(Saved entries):
"""

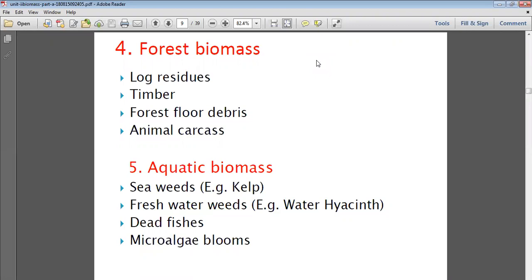Another source of forest biomass is timber, which is also a type of wood. Then there is forest floor debris — wood particles and material that fall from trees onto the forest floor. Animal carcasses — animals that have died in the forest — can also be used as an input for biomass generation.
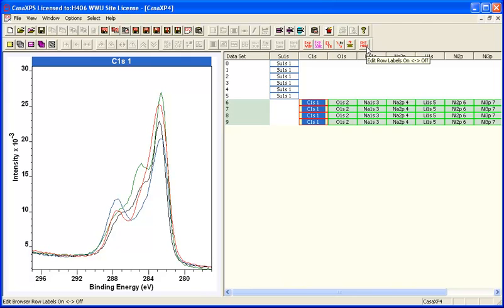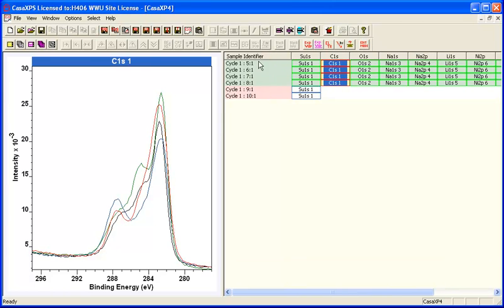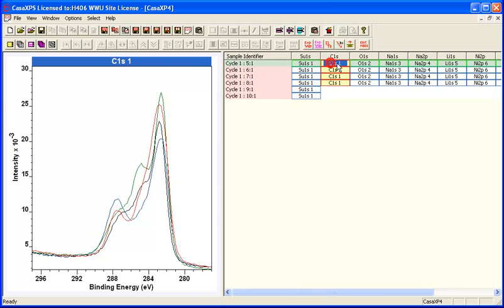If you go to the Edit mode, you can see that the identifier within the data file shows that these survey data go with these high-resolution spectra. There are two survey spectra that don't have high-resolution spectra with them.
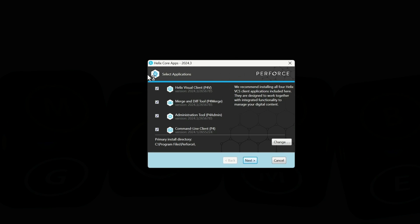I'm going to install the visual client P4V — this is what I use most of the time. I also like the command line, which is very useful, and the merge/diff tool is useful if you're merging or diffing code. If not, you can ignore it. For the admin tool, if you're not doing administration there's no point wasting hard drive space, but I do admin so I'm going to leave it on.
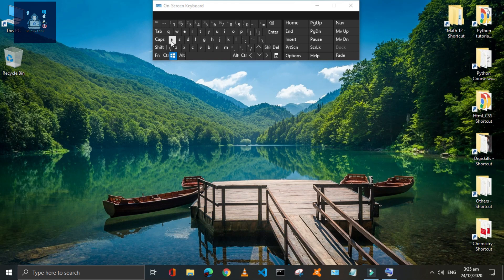You can switch between virtual desktops by pressing Window plus Control plus Left or Right arrow keys.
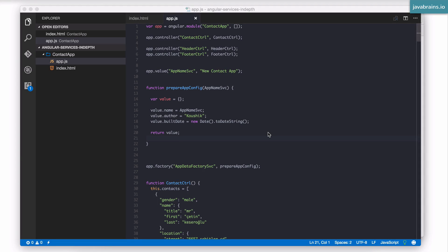We've looked at a few ways to create services, a few types of services. We have values, constants, and factories.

"""

(What you should do):
Copy all of the records verbatim, omitting the pictures.

(Exercise solution):
Another source of forest biomass is timber, which is also a type of wood. Then there is forest floor debris — wood particles and material that fall from trees onto the forest floor. Animal carcasses — animals that have died in the forest — can also be used as an input for biomass generation.
If you go to the Edit mode, you can see that the identifier within the data file shows that these survey data go with these high-resolution spectra. There are two survey spectra that don't have high-resolution spectra with them.
I'm going to install the visual client P4V — this is what I use most of the time. I also like the command line, which is very useful, and the merge/diff tool is useful if you're merging or diffing code. If not, you can ignore it. For the admin tool, if you're not doing administration there's no point wasting hard drive space, but I do admin so I'm going to leave it on.
You can switch between virtual desktops by pressing Window plus Control plus Left or Right arrow keys.
We've looked at a few ways to create services, a few types of services. We have values, constants, and factories.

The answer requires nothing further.